= Task directions =
A verbatim reproduction of the following listing is required; omit the pictures.

★ ★ ★ ★ ★

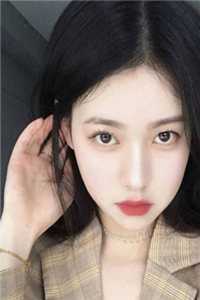 我替妹妹和亲后，全家都悔疯了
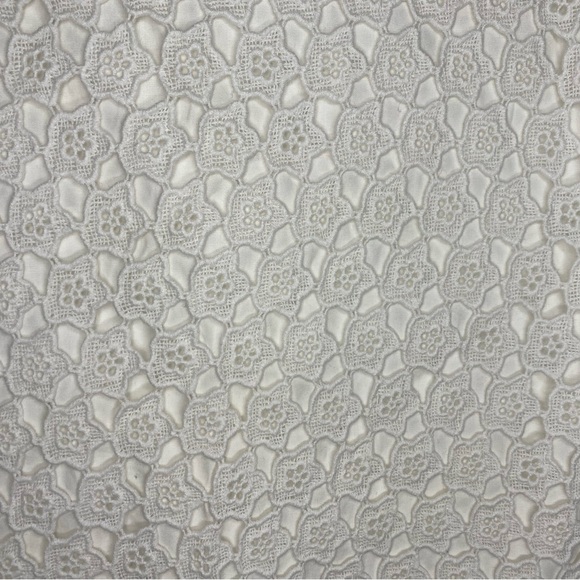 Joe fresh lace mini skirt - Picture 2 of 5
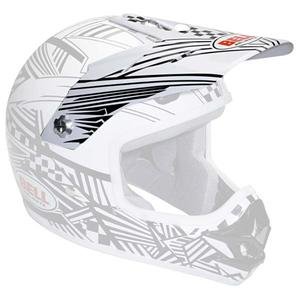 Helmet Visors Bell 2010167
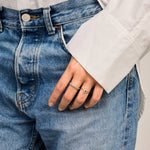 Blush – Bague – vue 2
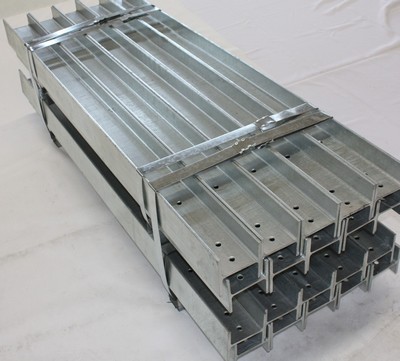 310S I-Beam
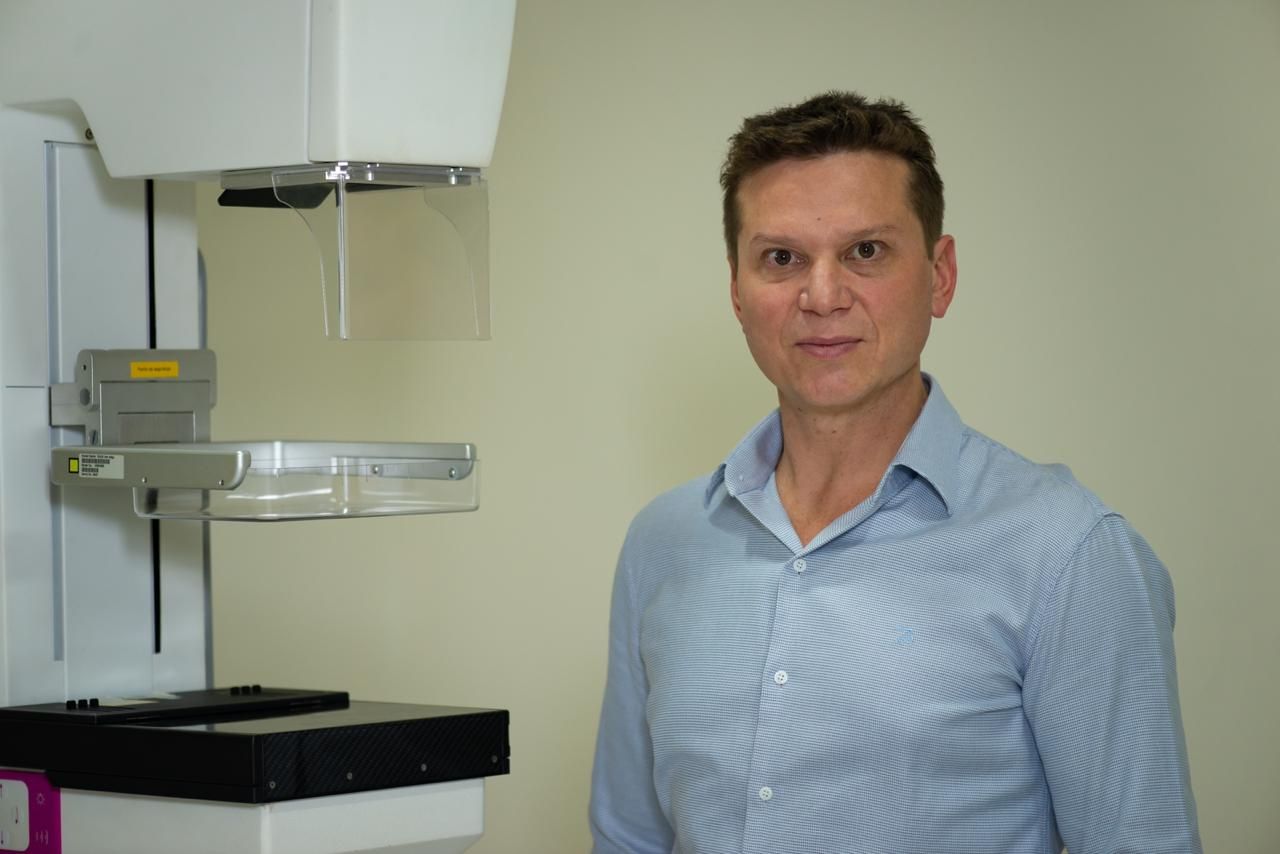 Idervaldson Nardacchione-6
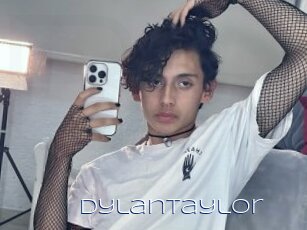 Dylantaylor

★ ★ ★ ★ ★

= Exercise solution =
 我替妹妹和亲后，全家都悔疯了
 Joe fresh lace mini skirt - Picture 2 of 5
 Helmet Visors Bell 2010167
 Blush – Bague – vue 2
 310S I-Beam
 Idervaldson Nardacchione-6
 Dylantaylor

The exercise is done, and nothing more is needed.